Introducing

3D Flexible Refinement

Structure and Motion of Flexible Proteins from Cryo-EM

We plan to make an experimental version of 3DFlex available in cryoSPARC. In the meantime, if you have an interesting dataset and would like to collaborate on uncovering the motion of a flexible protein mechanism, please reach out to us!

Single particle cryo-EM excels in determining static structures of biological macromolecules such as proteins. However, many proteins are dynamic, with their motion inherently linked to their function. Recovering the continuous motion and detailed 3D structure of flexible proteins from cryo-EM data has remained an open challenge.

We introduce 3D Flexible Refinement (3DFlex), a motion-based deep neural network model of continuous heterogeneity. 3DFlex directly exploits the knowledge that conformational variability of a protein is often the result of physical processes that transport density over space and tend to conserve mass and preserve local geometry.

From 2D image data, the 3DFlex model jointly learns a single canonical 3D map, latent coordinate vectors that specify positions on the protein’s conformational landscape, and a flow generator that, given a latent position as input, outputs a 3D deformation field.
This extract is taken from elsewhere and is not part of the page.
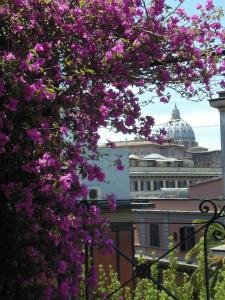 Vườn quanh Hotel dei Consoli Vaticano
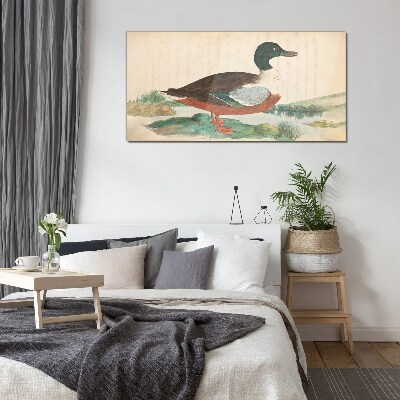Duck against the green background Wall art on glass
This deformation field convects the canonical map into appropriate conformations to explain experimental images.

Applied to experimental data, 3DFlex learns non-rigid motion spanning several orders of magnitude while preserving high-resolution details of secondary structure elements. Further, 3DFlex resolves canonical maps that are improved relative to conventional refinement methods because particle images contribute to the maps coherently regardless of the conformation of the protein in the image.

Together, the ability to obtain insight into motion in macromolecules, as well as the ability to resolve features that are usually lost in cryo-EM of flexible specimens, will provide new insight and allow new avenues of investigation into biomolecular structure and function.

3DFlex Model
Figure 1. The 3DFlex model represents the flexible 3D structure of a protein as deformations of a single canonical 3D density map V. Under the model, a single particle image is associated with a low-dimensional latent coordinate z that encodes the conformation for the particle in the image. A neural flow generator network fθ converts the latent coordinate into the flow field u and a convection operator then deforms the canonical density to generate a convected map W. This map can then be projected along the particle viewing direction determined by the pose φ, CTF-corrupted, and compared against the experimental image. In 3DFlex, the canonical 3D map, the latent coordinates, and the flow generator are all learned from experimental data, allowing the method to reveal non-rigid motion and improved structural features in flexible regions.

Videos of protein motion

The flexible motion learned by 3DFlex is difficult to visualize in a static image. The videos below show more clearly the detailed motion that is revealed and the quality of the reconstruction that is enabled by virtue of flexible refinement.

Supplementary Video 1. This video shows results of 3DFlex on a dataset of 102,500 particle images of a tri-snRNP spliceosome particle (EMPIAR-10073). 3DFlex is run with a K=5-dimensional latent space, and different regions of the space correspond to different parts of the particle's conformational landscape. This video shows the output of the 3DFlex generative model as latent coordinates are varied along three axes (coordinates 1, 3, and 5). These dimensions encode non-rigid motion of the head region of the protein, where different parts and subunits move and bend relative to eachother.
Supplementary Video 2. This video shows results of 3DFlex on a dataset of 200,00 particle images of a TRPV1 ion channel (EMPIAR-10059). 3DFlex is run with a K=2-dimensional latent space. The video shows the output of the 3DFlex generative model as latent coordinates are varied along each of the two dimensions. The first dimension reveals inward and outward coordinated bending of opposite flexible subunits in the soluble domain. The second dimension reveals twisting of the subunits around the pore axis.
Supplementary Video 3. This video shows a comparison between the reconstructed density map from a conventional refinement and flexible refinement using 3DFlex for the TRPV1 ion channel. Map quality and local resolutions are substantially improved in the peripheral helices. Notably, local focused refinement using a mask around the flexible part cannot improve the reconstruction compared to a conventional refinement, because the flexible parts are non-rigid and too small for individual pose alignment.